• [Exercise requirements] Excluding pictures, give the entries again exactly as they appear.

(Entries shown)

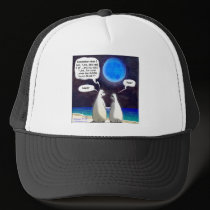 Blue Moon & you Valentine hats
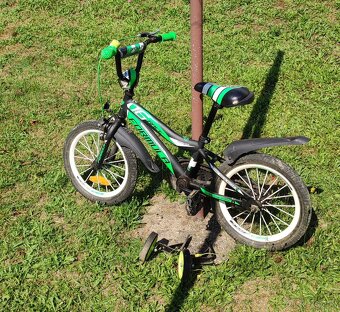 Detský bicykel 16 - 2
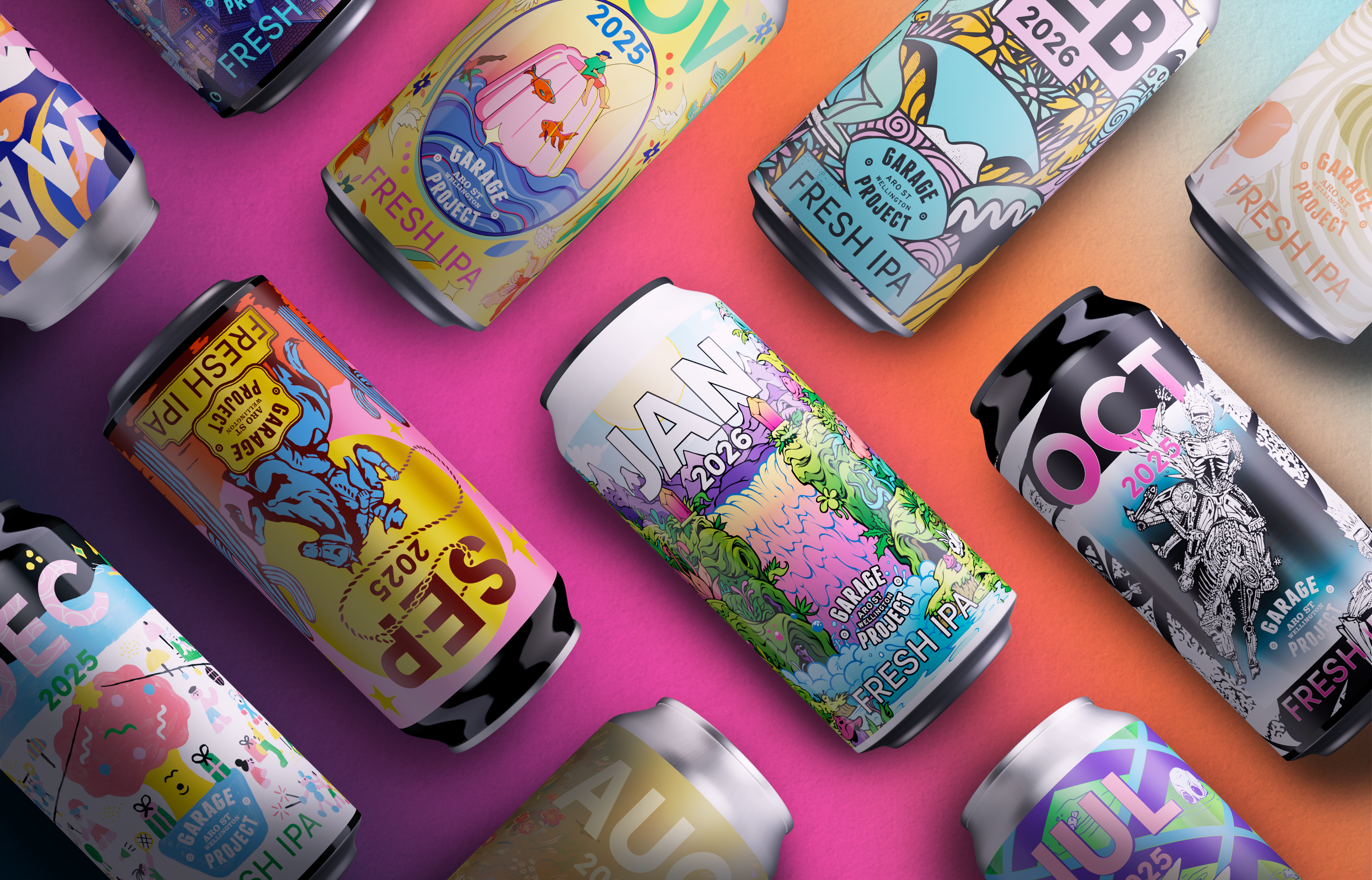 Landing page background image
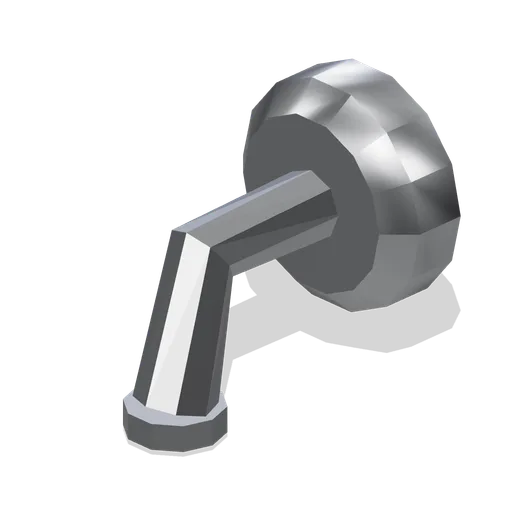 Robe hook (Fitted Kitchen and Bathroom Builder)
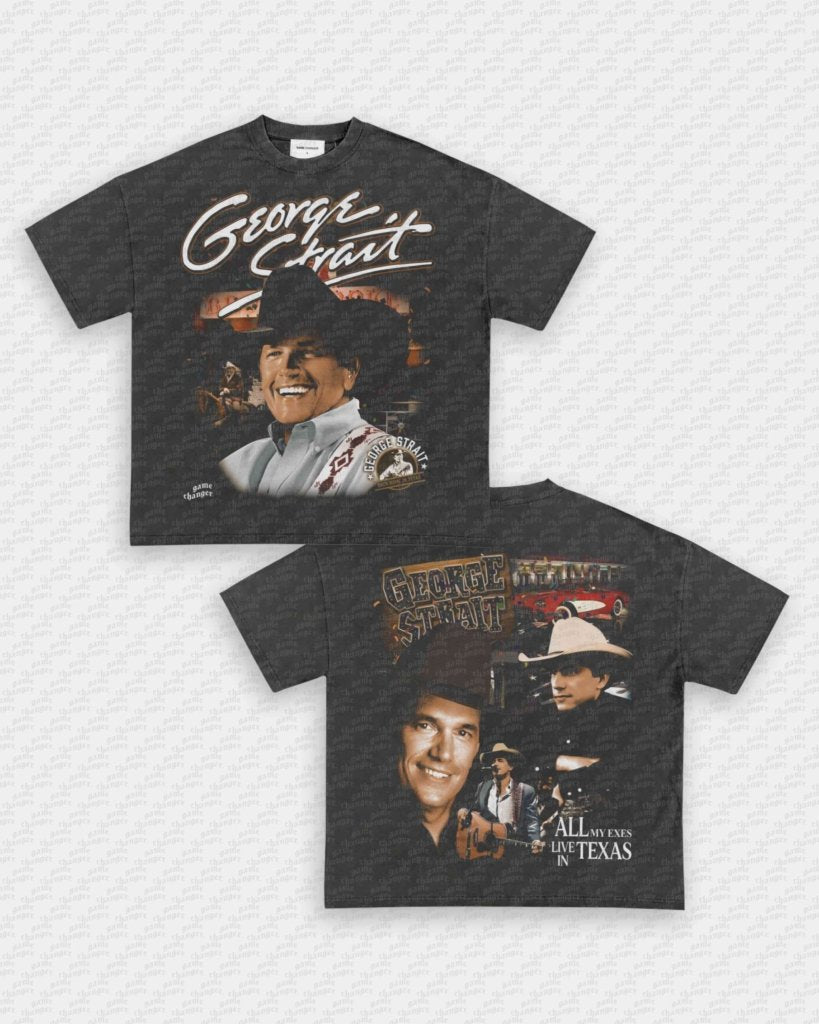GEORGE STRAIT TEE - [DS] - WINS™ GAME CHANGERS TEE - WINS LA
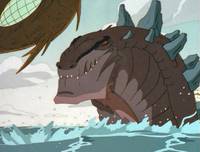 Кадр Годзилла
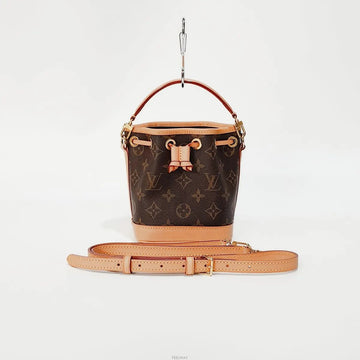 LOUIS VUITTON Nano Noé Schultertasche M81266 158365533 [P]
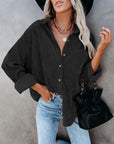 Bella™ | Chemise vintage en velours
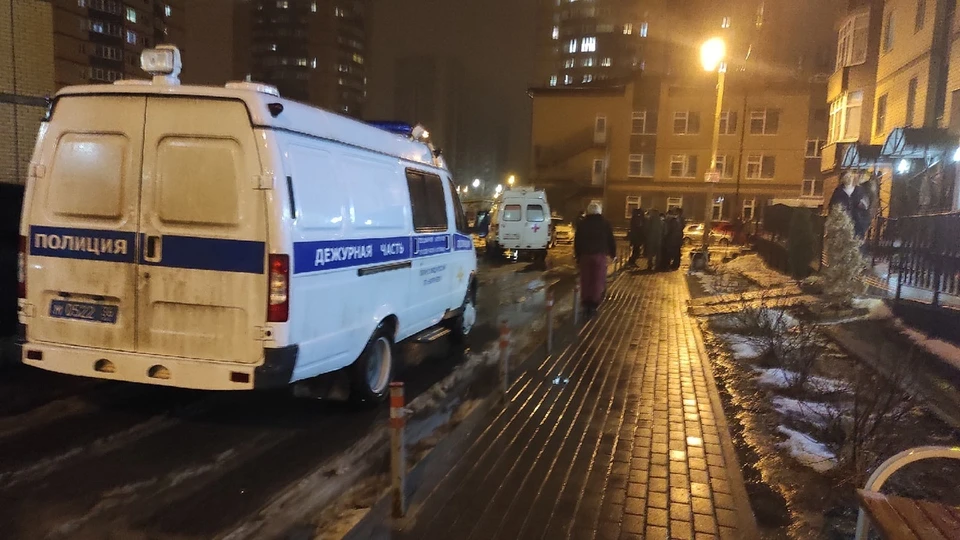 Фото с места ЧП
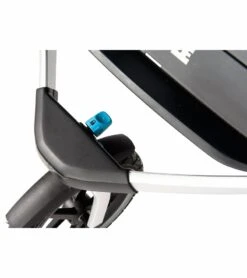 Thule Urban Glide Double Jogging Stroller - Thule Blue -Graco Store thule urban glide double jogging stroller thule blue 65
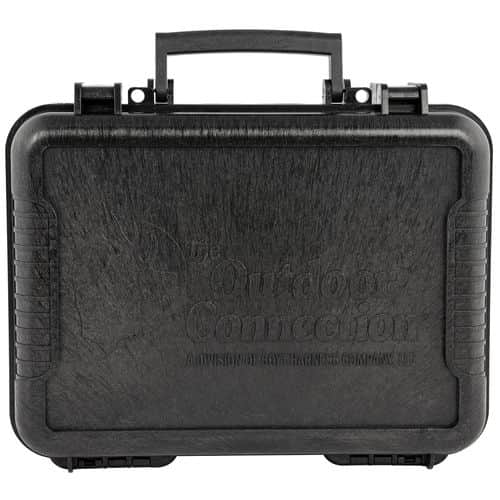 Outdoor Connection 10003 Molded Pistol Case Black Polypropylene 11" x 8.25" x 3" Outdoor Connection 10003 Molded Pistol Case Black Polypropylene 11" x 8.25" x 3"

(End Entries shown)

• [Exercise solution]
 Blue Moon & you Valentine hats
 Detský bicykel 16 - 2
 Landing page background image
 Robe hook (Fitted Kitchen and Bathroom Builder)
GEORGE STRAIT TEE - [DS] - WINS™ GAME CHANGERS TEE - WINS LA
 Кадр Годзилла
 LOUIS VUITTON Nano Noé Schultertasche M81266 158365533 [P]
 Bella™ | Chemise vintage en velours
 Фото с места ЧП
 Thule Urban Glide Double Jogging Stroller - Thule Blue -Graco Store thule urban glide double jogging stroller thule blue 65
 Outdoor Connection 10003 Molded Pistol Case Black Polypropylene 11" x 8.25" x 3" Outdoor Connection 10003 Molded Pistol Case Black Polypropylene 11" x 8.25" x 3"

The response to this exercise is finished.